= Jenő Tihanyi =

Canadian swimming coach

Dr. Jeno 'Doc' Tihanyi (Tihanyi Jenő; 1936 - March 4, 2007) was a Canadian swim coach inducted into the Canadian Olympic Hall of Fame in 2004. He was the fourth coach in Canadian History to receive such an honour. He was named Ontario University Athletics (OUA) Coach of the Year in 1990 and OWIAA Coach of the Year in 1994. He was best known for coaching famed Individual Medley swimmer Alex Baumann to two Olympic gold medals in the 1984 Los Angeles Olympic Games. Baumann later remarked that Tihanyi served as a second father to him, after his natural father died in 1983. He was fondly remembered by his wife Cathy, who said: "both [Baumann and he] had the same qualities: the drive, outlook, discipline and the strength to overcome whatever difficulty they faced in life... These qualities allowed them to reach the pinnacle of the sport and bring home two gold medals in 1984."

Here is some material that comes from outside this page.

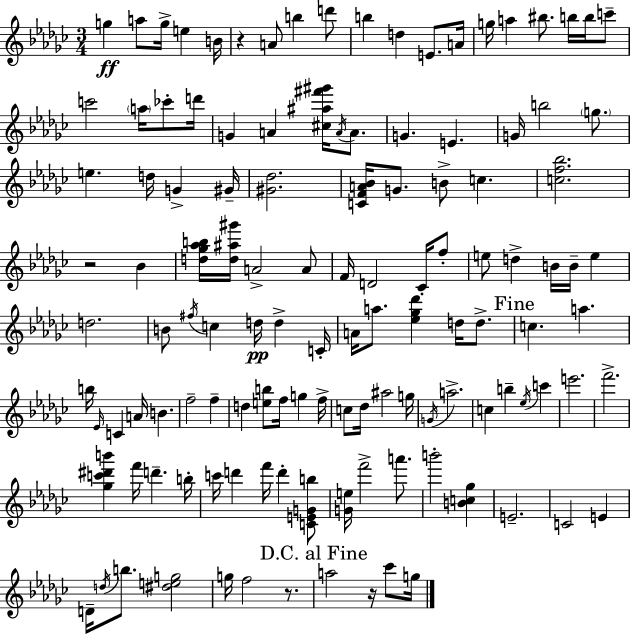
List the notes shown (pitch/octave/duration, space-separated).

Tihanyi earned a diploma in physical education from his homeland of Hungary. After immigrating to Canada, he earned both a bachelor's degree and master's degree in physical education at the University of British Columbia. In 1972, he earned a Ph.D. at the University of Alberta.
His doctoral thesis was entitled "Relationship of selected maturational determinants to competitive swimming."

In 1974, Tihanyi became a professor at Laurentian University, located in Sudbury, Ontario, and was a professor in child growth and development in the School of Human Movement. He founded both the Laurentian University Aqua Vees Varsity Swim Team and the age-group Laurentian University Swim Club (now known as Sudbury Laurentian Swim Club) as head coach. He was the director of the division of physical education from 1993 to 1996 (now known as the School of Human Kinetics).

Although Tihanyi coached several national and international level athletes, his coaching philosophy actually focused on personal self-improvement first. Once that stage was achieved in an athlete, the coach moved to focus and self-discipline: "He was so detailed," said Baumann. "All the workouts were meticulously planned." Baumann recalled that Tinhanyi was fond of the dictum: "'if you fail to plan, you plan to fail'. I still [in 2007] see coaches who plan their workouts on the way to the pool."

After his death in 2007, Laurentian University officially renamed its swimming facilities the Jeno Tihanyi Olympic Gold Pool in his memory.